Ostatnie zgłoszenia do pozwu przeciwko „wielkiej siódemce” – prawnicy zachęcają Polaków

Na czym dokładnie polegała zmowa? Wszystko wyjaśniałem tutaj.

Mijają już trzy lata od stwierdzenia zmowy cenowej europejskich producentów ciężarówek. W okresie 1997-2011 koszty zakupu nowych pojazdów miały nielegalnie wzrosnąć o od 5 do 20 procent. Wszystko zaś odbyło się przy okazji wprowadzania nowych norm emisji spalin.

W związku z tym nielegalnym kartelem, przewoźnicy z całej Europy postanowili wytoczyć producentom protesty. W ten sposób transportowcy domagają się odszkodowania za nielegalny wzrost cen. Przykład jednego z największych takich pozwów, z udziałem niemieckich firm, prezentowałem dwa lata temu, w tym artykule.

Teraz natomiast ci sami prawnicy chcą zachęcić do walki jak najwięcej firm z Polski. Z organizację pozwu odpowiadają niemiecka firma Financialright Claims GmbH oraz amerykańska kancelaria prawna Hausfeld. Wspólnie podkreślają one, że już z końcem tego roku przedawni się cześć roszczeń. Dlatego też firmy chętne do udziału w trzeciej (i ostatniej) części pozwu muszą dokonać zgłoszenia najpóźniej 31 lipca. Można tego dokonać poprzez stronę internetową truck-damages.com/stf/pl.

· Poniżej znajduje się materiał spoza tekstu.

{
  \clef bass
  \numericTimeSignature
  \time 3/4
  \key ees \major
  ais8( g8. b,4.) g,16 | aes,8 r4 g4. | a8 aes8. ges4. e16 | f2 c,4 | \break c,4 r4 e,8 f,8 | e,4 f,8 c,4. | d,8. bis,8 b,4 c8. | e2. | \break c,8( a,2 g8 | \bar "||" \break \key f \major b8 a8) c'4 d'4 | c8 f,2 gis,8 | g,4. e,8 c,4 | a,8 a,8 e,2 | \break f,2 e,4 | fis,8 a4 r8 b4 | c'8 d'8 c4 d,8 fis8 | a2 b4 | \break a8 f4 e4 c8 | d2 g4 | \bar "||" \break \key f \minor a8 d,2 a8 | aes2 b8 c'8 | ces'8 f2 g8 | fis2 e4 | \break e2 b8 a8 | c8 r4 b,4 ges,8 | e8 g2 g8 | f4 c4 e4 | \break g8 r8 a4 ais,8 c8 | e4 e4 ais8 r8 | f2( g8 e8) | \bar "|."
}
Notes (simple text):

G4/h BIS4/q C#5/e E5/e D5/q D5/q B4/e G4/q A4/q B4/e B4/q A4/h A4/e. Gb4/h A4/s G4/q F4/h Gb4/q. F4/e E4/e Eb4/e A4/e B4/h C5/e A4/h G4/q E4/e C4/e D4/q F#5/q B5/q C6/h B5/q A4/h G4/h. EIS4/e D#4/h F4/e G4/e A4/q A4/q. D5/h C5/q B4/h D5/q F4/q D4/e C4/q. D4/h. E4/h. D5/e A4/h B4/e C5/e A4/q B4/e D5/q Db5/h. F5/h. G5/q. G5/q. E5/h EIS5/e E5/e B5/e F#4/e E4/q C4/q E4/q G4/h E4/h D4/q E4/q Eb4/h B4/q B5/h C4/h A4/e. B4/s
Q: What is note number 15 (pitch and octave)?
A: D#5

Zdaniem prawników, polskie firmy mogą otrzymać nawet 10 tys. euro zwrotu za każdą przepłaconą ciężarówkę. Dotychczas na walkę o te pieniądze zdecydowali się w Polsce posiadacze tylko 8 tys. pojazdów. To naprawdę niewiele w stosunku do łącznie 150 tys. samochodów ujętych w dwóch dotychczasowych częściach oskarżenia.